政治・経済、都市開発・不動産、再開発等に関係するプロフェッショナル集団。主に東京の不動産についてフィールドワークを重ねているが、再開発事業については全国各地の動きをウォッチしている。さらにアジア・欧米の状況についても明るいメンバーも参画している。
変動と固定、金利の仕組みの違いとは
「金利のある世界」が戻ってきた。
日銀の2024年3月のマイナス金利解除を皮切りに利上げを重ね、2025年12月には政策金利を0.75%まで引き上げた。これは30年ぶりの高水準だ。市場では今後さらなる追加利上げが予測されており、住宅金融支援機構によれば、変動金利利用者の73.7%が「今後1年で金利は上昇する」と考えているという調査結果も出ている。
こうした金利の戻った時代に家を買う、あるいはすでにローンを抱えている人にとって、金利上昇は切実な問題だろう。
「変動にすべきか、固定にすべきか」は、永遠のテーマともいえる。そこで3つの政策金利シナリオを設定し、5000万・7000万・1億円の物件を35年ローンで購入した場合の支払利息をシミュレーションした。
言わずもがなだが、住宅ローンの金利は大きく分けて変動と固定2種類がある。
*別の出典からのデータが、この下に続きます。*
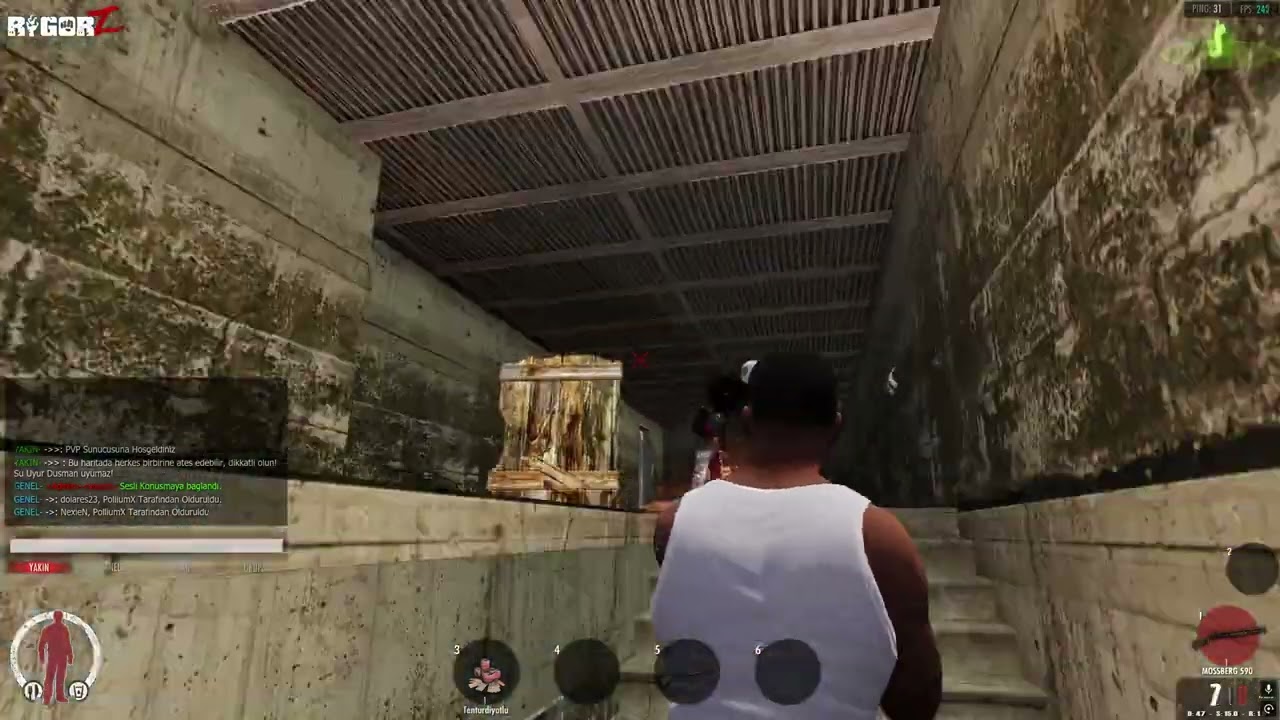 Rigorz Pvp Montage #2
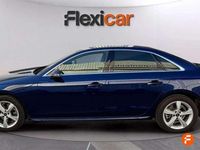 Usado Audi A4 Advanced Plus 136 CV (100 kW) 2022 Azul Berlina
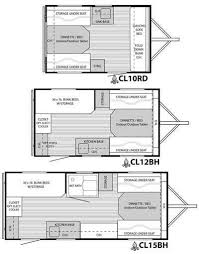 Image Result For Cargo Trailer Conversion Floor Plans 6 X 10 Travel Trailer Floor Plans Cargo Trailer Conversion Cargo Trailer Camper
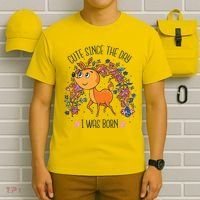Cute Since The Day I Was Born T-Shirt thumb 6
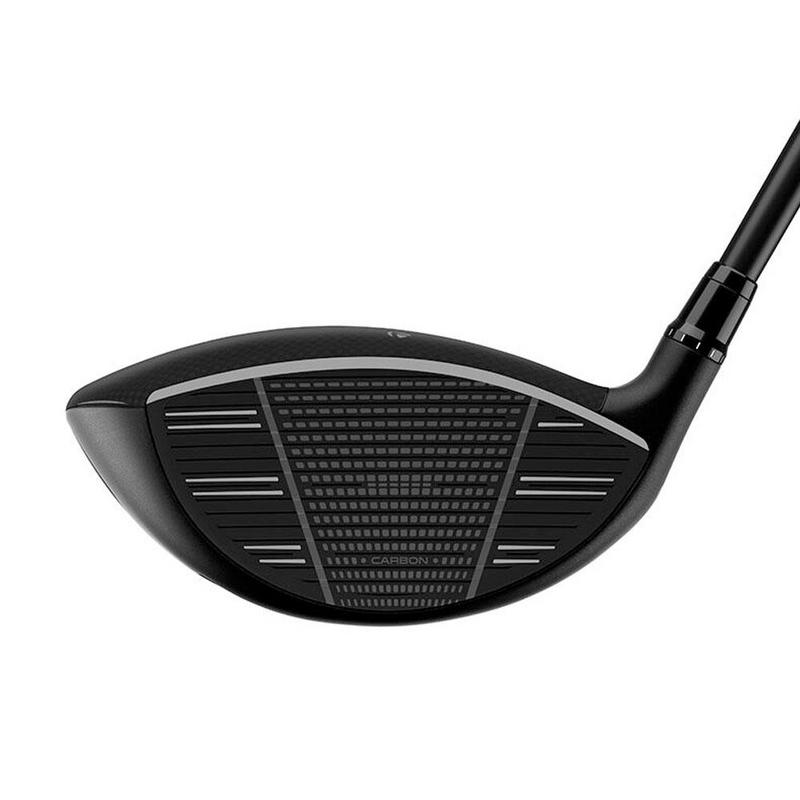 TaylorMade Qi4D Max Designer Series Shadowfall Golf Driver - main image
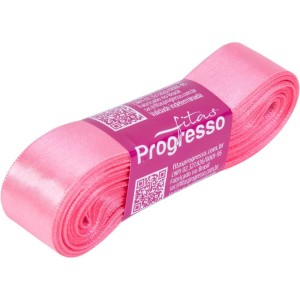 Fita De Cetim 22mm 10m. Rosa Petala 009-064530-46670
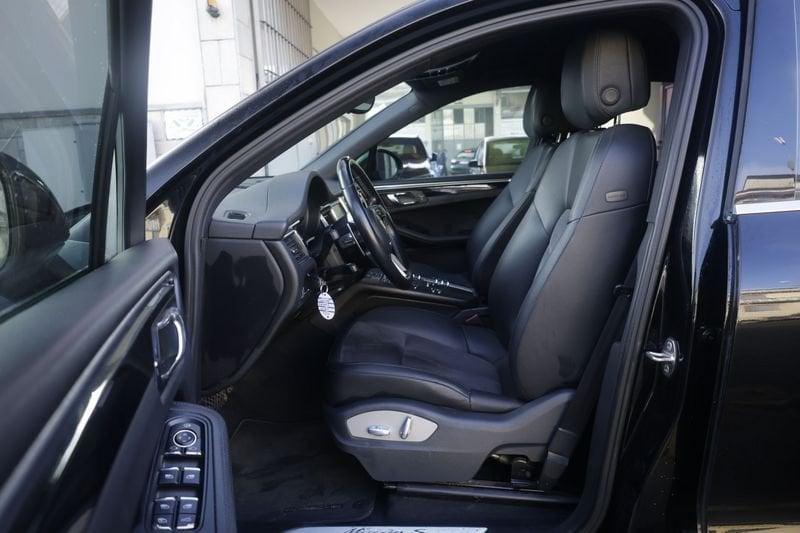 Porsche Macan Porsche Macan 3.0 S Diesel Unicoproprietario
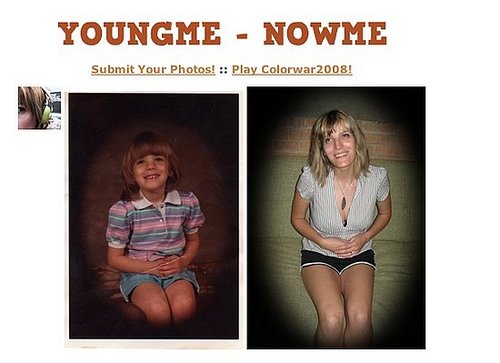 Website of the Day: YoungMe NowMe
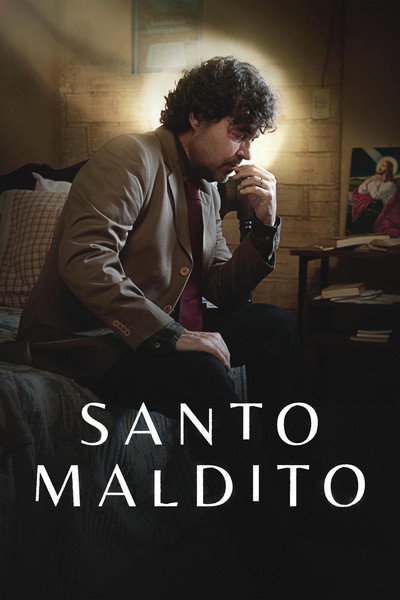 Póster de Santo Maldito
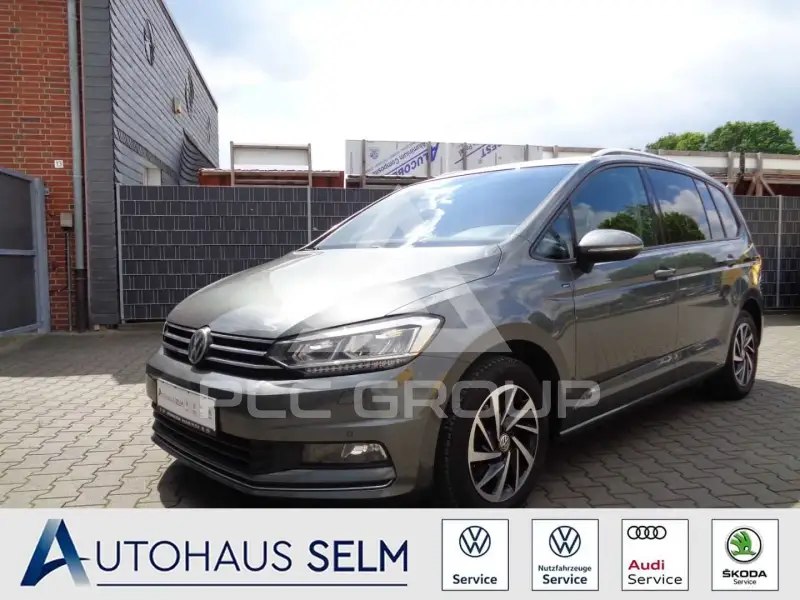 2019 Volkswagen Touran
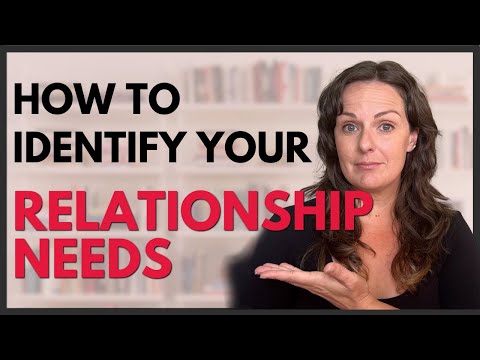 How To Identify Your Needs In A Relationship (and Why You Find It So Hard)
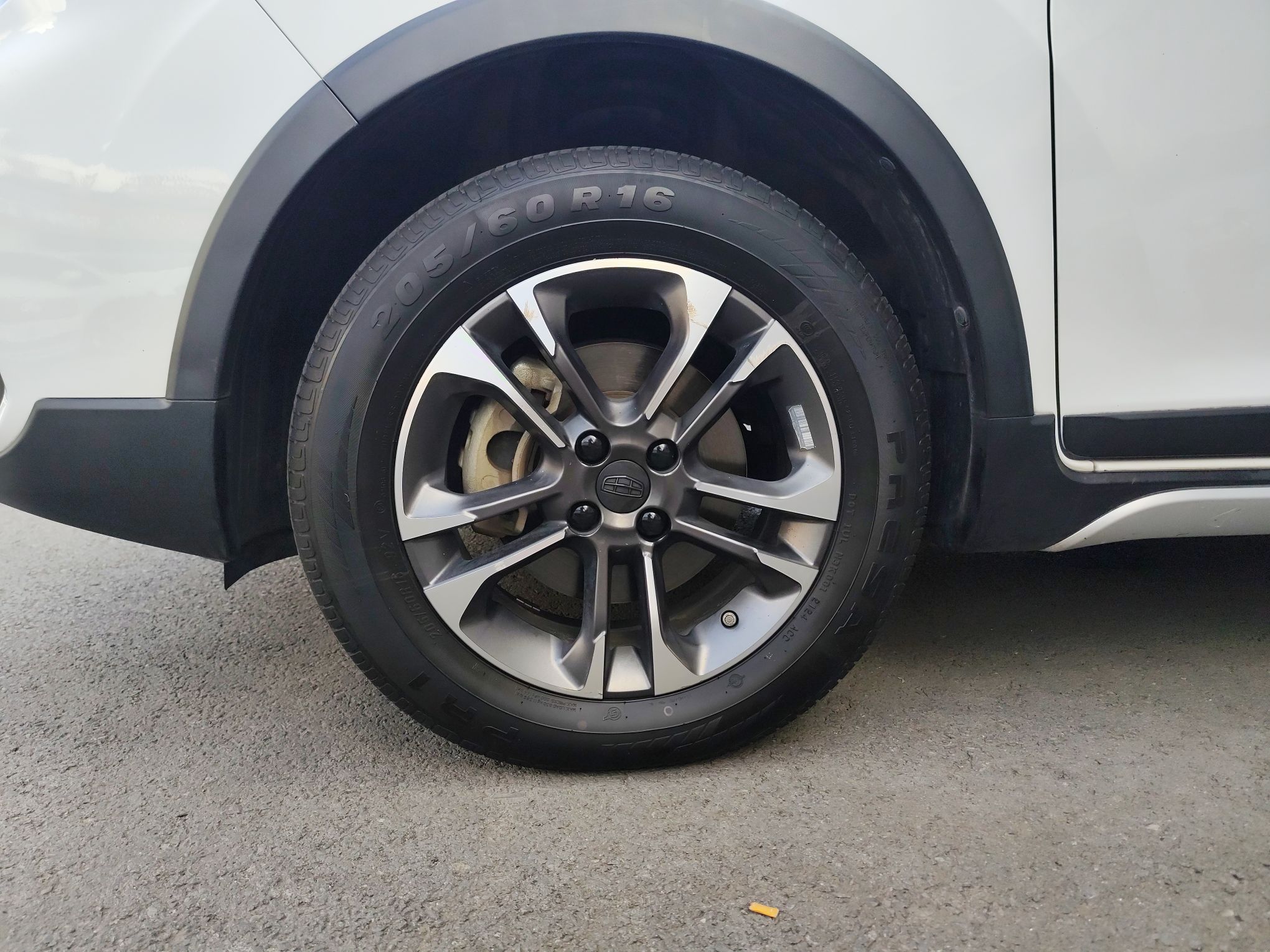 Geely Vision 2019 thumb 8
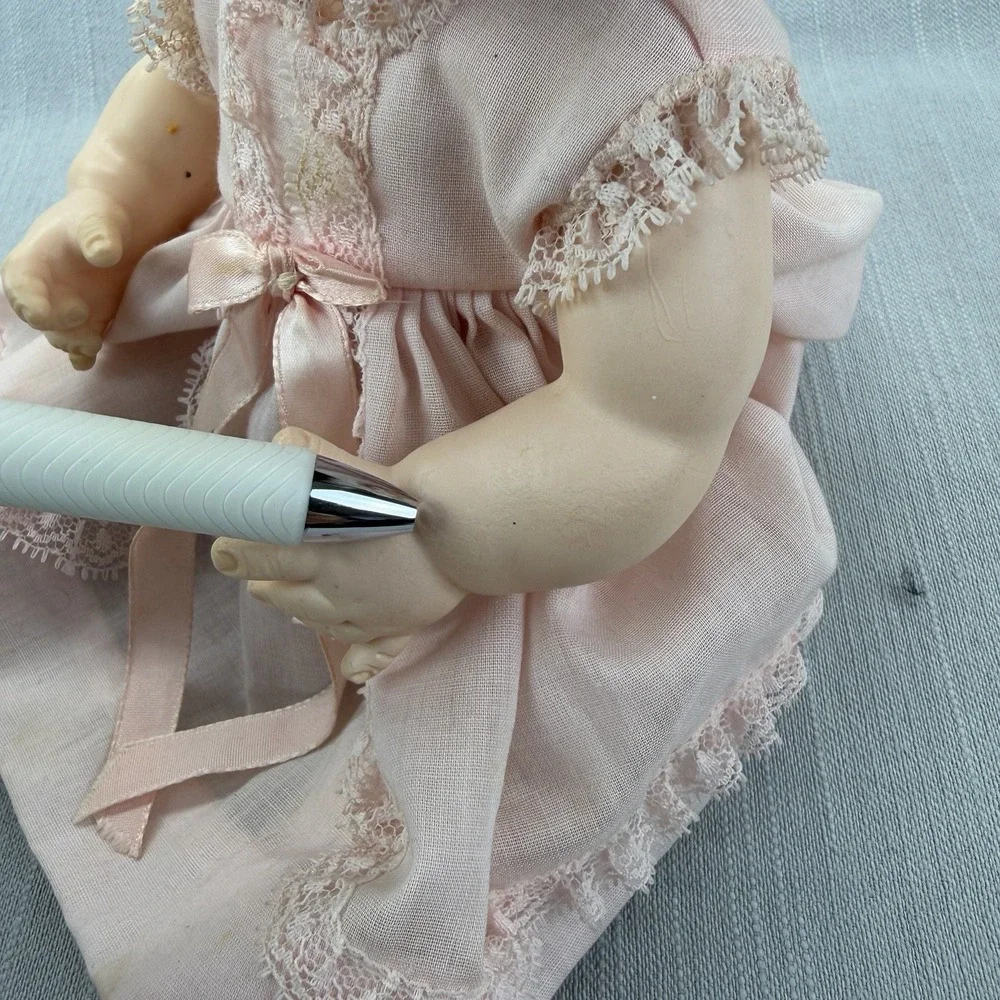 Madame Alexander Sweet Tears Baby Doll Brunette 14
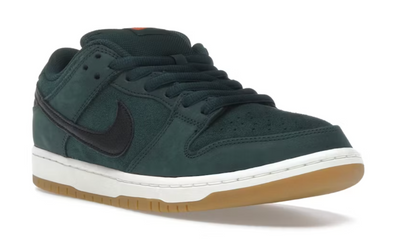 Nike SB Dunk Low Pro - Deep Fir / Black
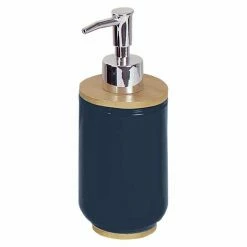 Acheter 👍 Paris prix Distributeur de Savon "Smart" 16cm Bleu 🎉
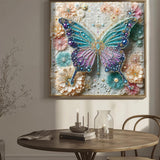 Opulent Wings Jigsaw Puzzle 1000 Pieces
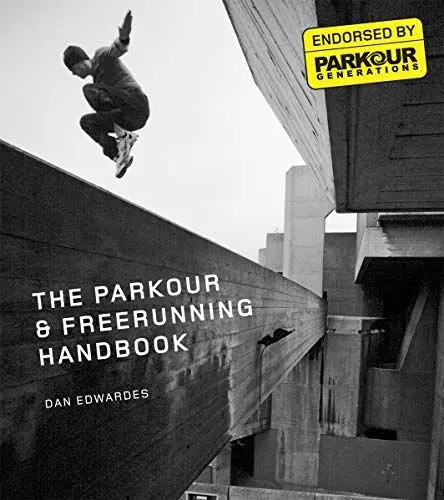 Produktbild: The Parkour & Freerunning Handbook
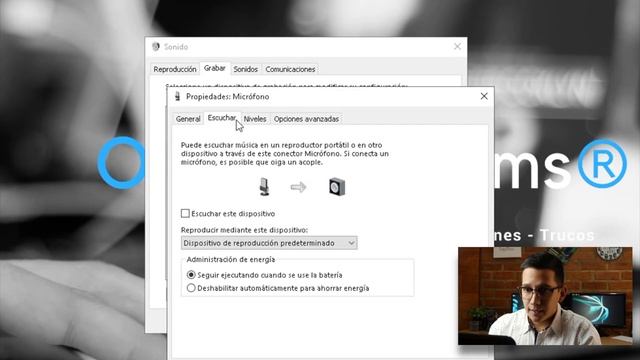 Micrófono del Portatil PITA o SUENA BAJITO 🔇 | Zoom, Microsoft Teams y más [SOLUCIÓN] смотреть онлайн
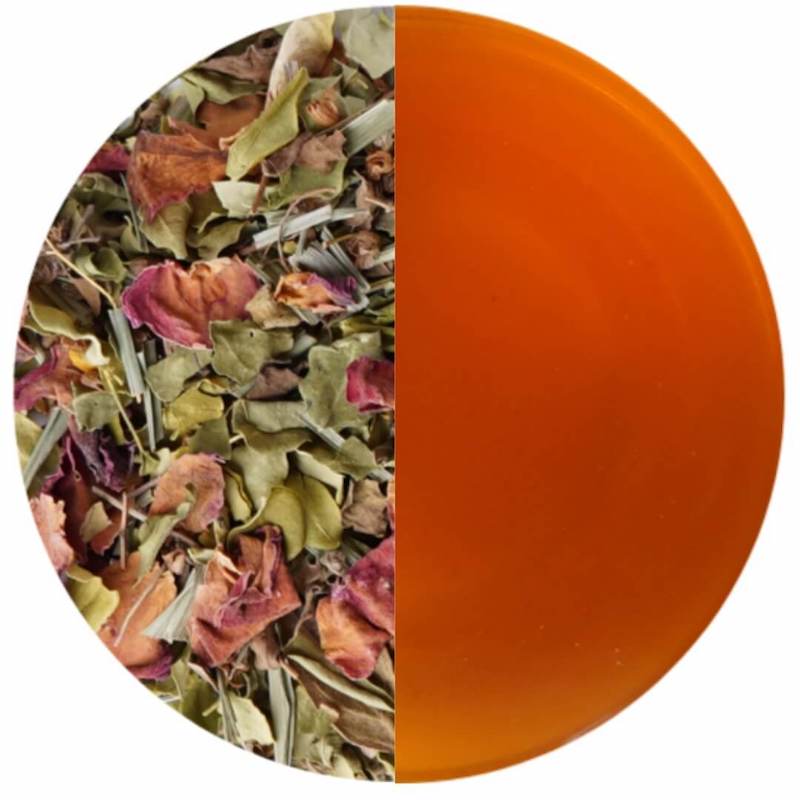Tulsi Turmeric Moringa Herbal Tea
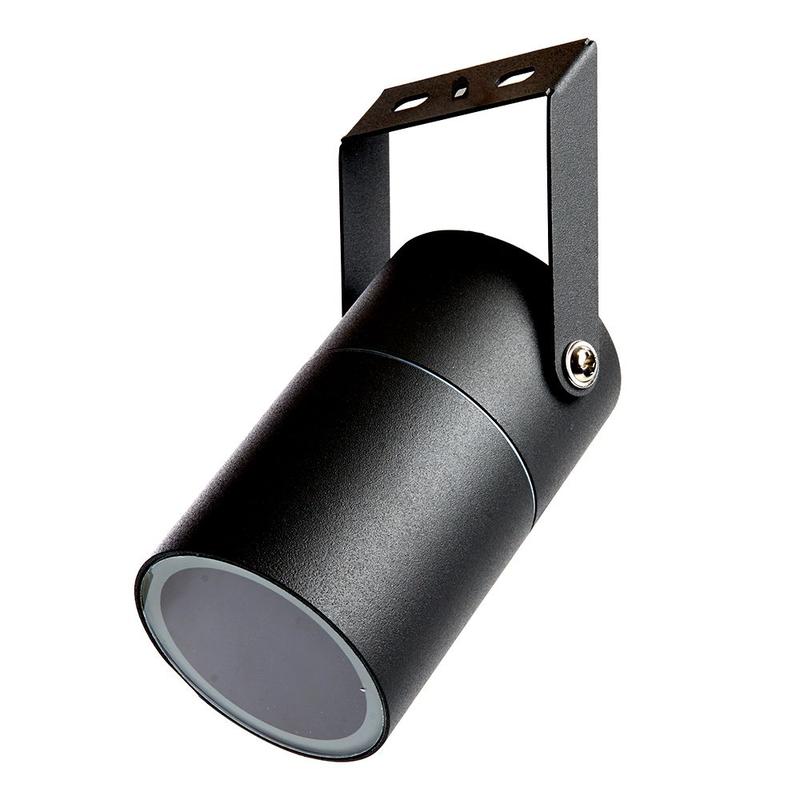 Светильник садово-парковый 230хH1703 черн. (на стену) FERON 48329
金融機関によっては「固定期間選択型」というものがあるようだ。ここでは変動、固定の2つだけで考えていく。
そもそも変動金利は日銀の政策金利(短期金利)に連動し、半年ごとに見直される。一方、固定金利(全期間固定・フラット35)は10年物国債利回りなど長期金利に基づいて決まるため、政策金利と必ずしも連動しない。
2026年5月時点の実勢では、変動金利の適用金利はネットバンク系の最低水準で0.55%前後、メガバンクでも0.67~0.93%程度。
これに対してフラット35は最低1.89%前後になっている。政策金利が上昇すれば変動は追随するが、固定は新規でローンを組む際に長期金利の動向次第で先行して動くこともある。
固定・変動、3つのシナリオで読む「差額」の現実
下表は、政策金利が1%・1.5%・2%に到達した場合の各シナリオにおける支払利息の累計額だ。変動金利は政策金利より約0.25%低い適用金利、固定金利は政策金利より約1%高い長期金利水準を前提に計算している。

数字を見れば変動が圧倒的に安く見える。しかし、ここには「金利が現状維持された場合」という前提が潜んでいる。
現在、変動と固定の差は約1~1.5%程度。この差が逆転するためには、変動金利が固定金利の水準まで上昇しなければならない。
メガバンク・ネット銀行など主要約20行の住宅ローンをオンラインで一括比較できるサービス「モゲチェック」を運営する株式会社MFSの試算では、政策金利が現在から6回程度追加利上げされた水準(約2.25%超)が続かない限り、固定が変動を逆転するシナリオは蓋然性が低いとしている。
一方、日銀の利上げペースが市場予想を上回る「サプライズ利上げ」や、トランプ政権の関税政策が落ち着いた後に日米金利差が縮まるシナリオでは、変動金利の急騰リスクも排除できない。また、変動金利を選ぶなら、「125%ルール」(返済額が急増しても前回の125%が上限)に守られながらも、未払い利息が膨らむリスクを理解しておく必要がある。